(Image-caption web data)

>>>

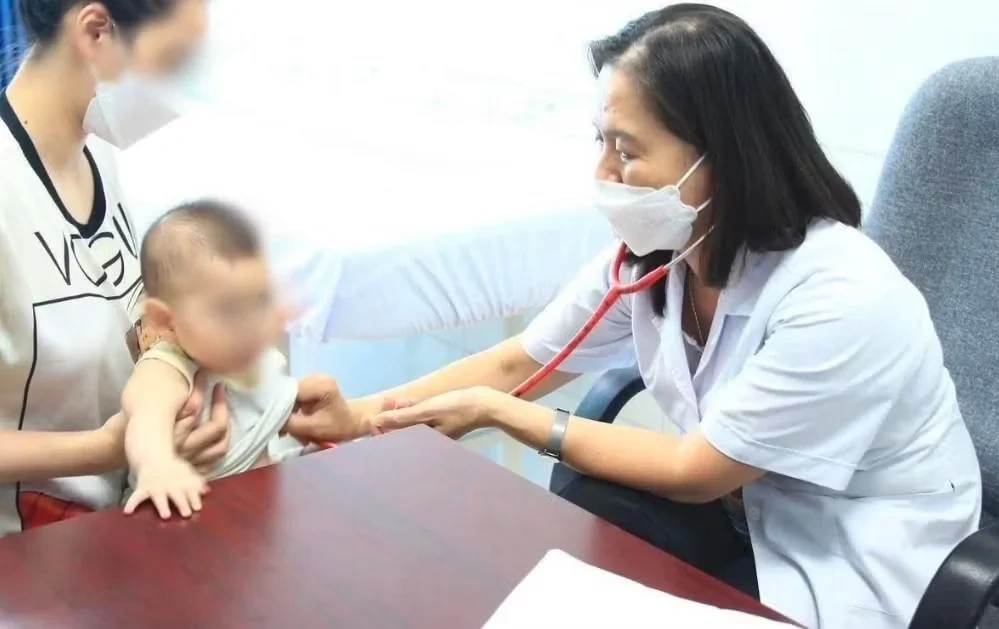 Trẻ sơ sinh trước cơn bão mắc virus hợp bào hô hấp nguy hiểm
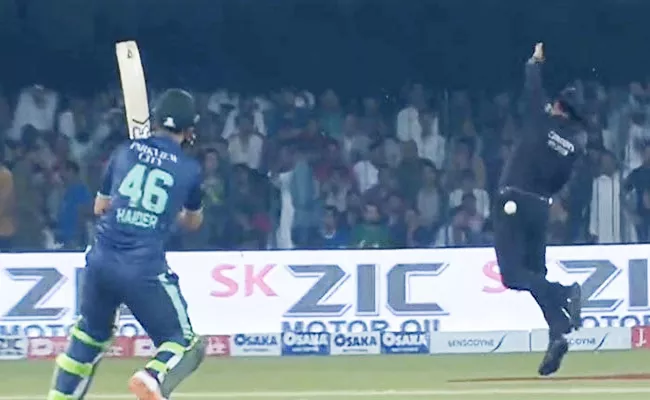 Pak Vs Eng: Umpire Hurt As Pakistan Batter Hits A Shot Into Him Video Viral - Sakshi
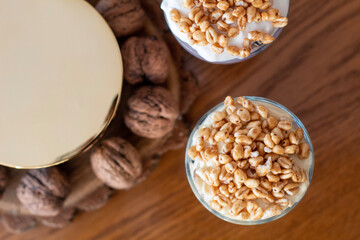 protein desserts with skyr and muesli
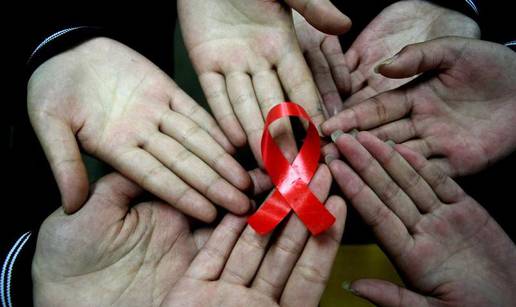 Djeca u Indiji se transfuzijom krvi zarazila virusom HIV-a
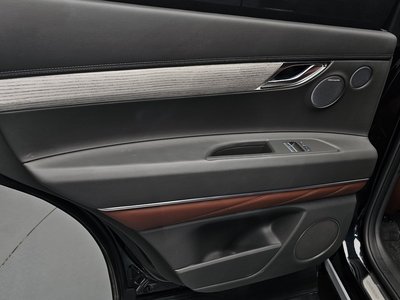 2024 Genesis GV80 thumbnail 15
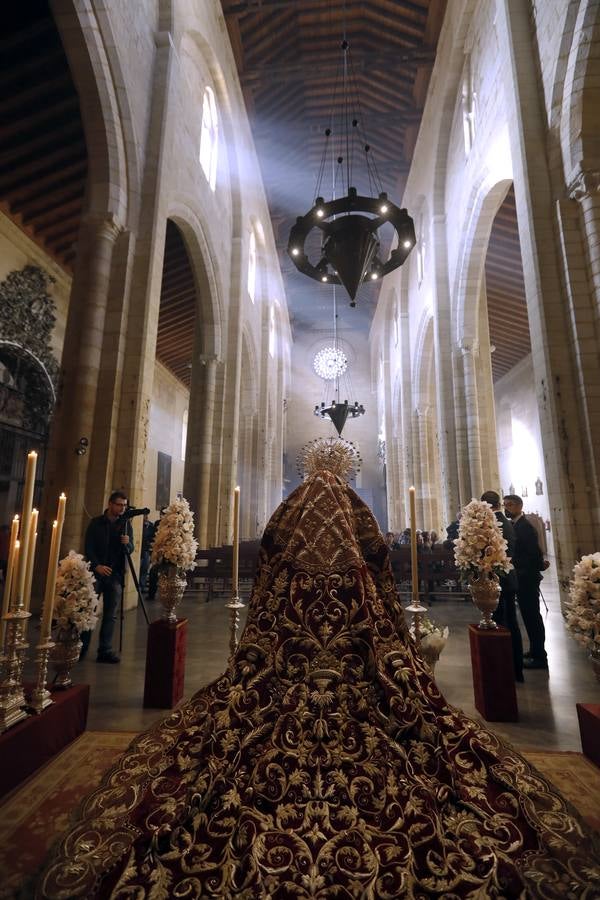 El besamanos a la Reina de los Santos Mártires, en imágenes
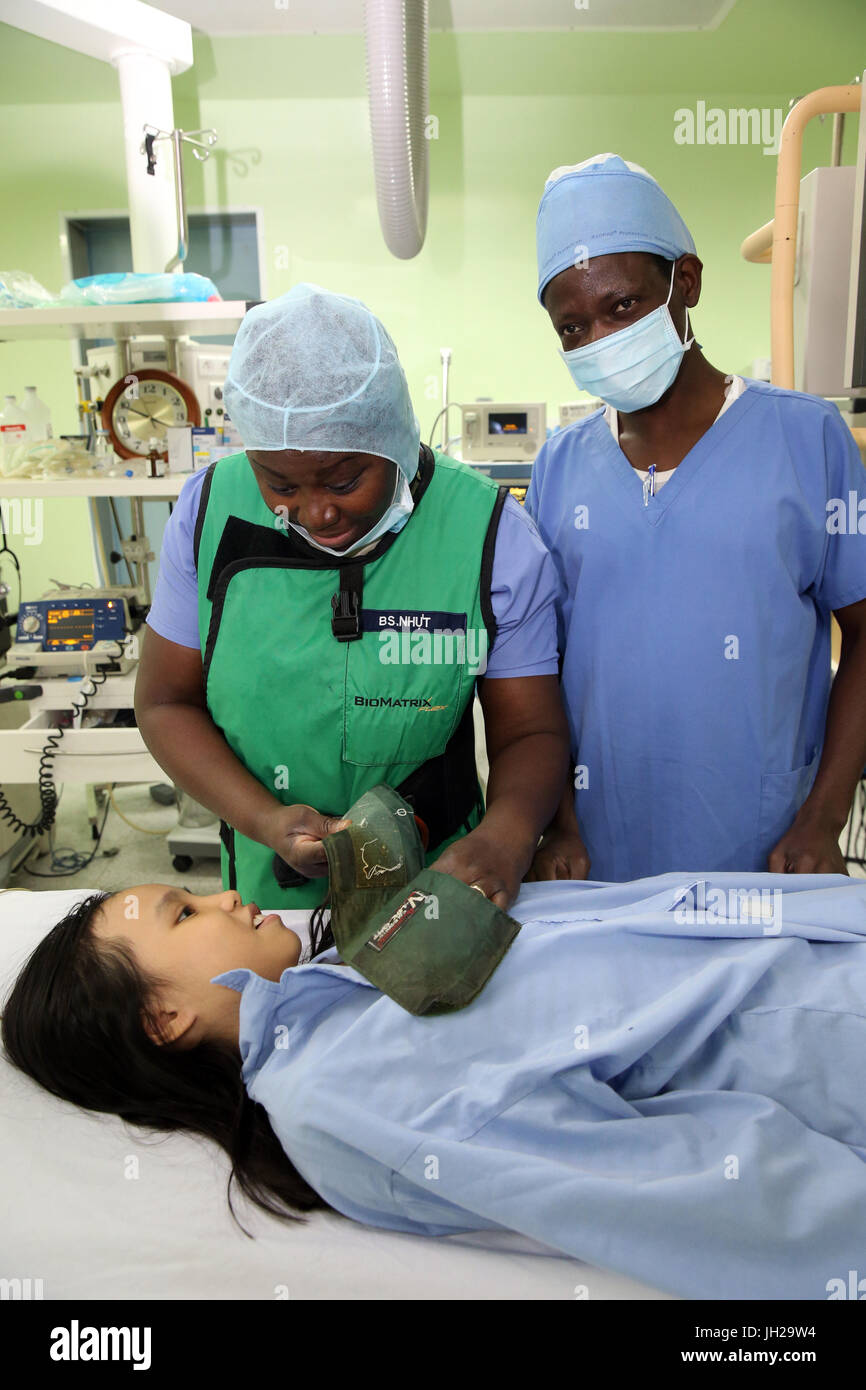L'Institut de Cardiologie offre des soins de haute qualité aux patients vietnamiens souffrant de maladies du cœur. Laboratoire de cathétérisme. Former l'équipe médicale sénégalaise Banque D'Images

<<<

## EXERCISE REQUIREMENTS
All entries must be output unchanged, with every picture omitted.

## ANSWER TO THIS EXERCISE
 Trẻ sơ sinh trước cơn bão mắc virus hợp bào hô hấp nguy hiểm
 Pak Vs Eng: Umpire Hurt As Pakistan Batter Hits A Shot Into Him Video Viral - Sakshi
 protein desserts with skyr and muesli
 Djeca u Indiji se transfuzijom krvi zarazila virusom HIV-a
 2024 Genesis GV80 thumbnail 15
 El besamanos a la Reina de los Santos Mártires, en imágenes
L'Institut de Cardiologie offre des soins de haute qualité aux patients vietnamiens souffrant de maladies du cœur. Laboratoire de cathétérisme. Former l'équipe médicale sénégalaise Banque D'Images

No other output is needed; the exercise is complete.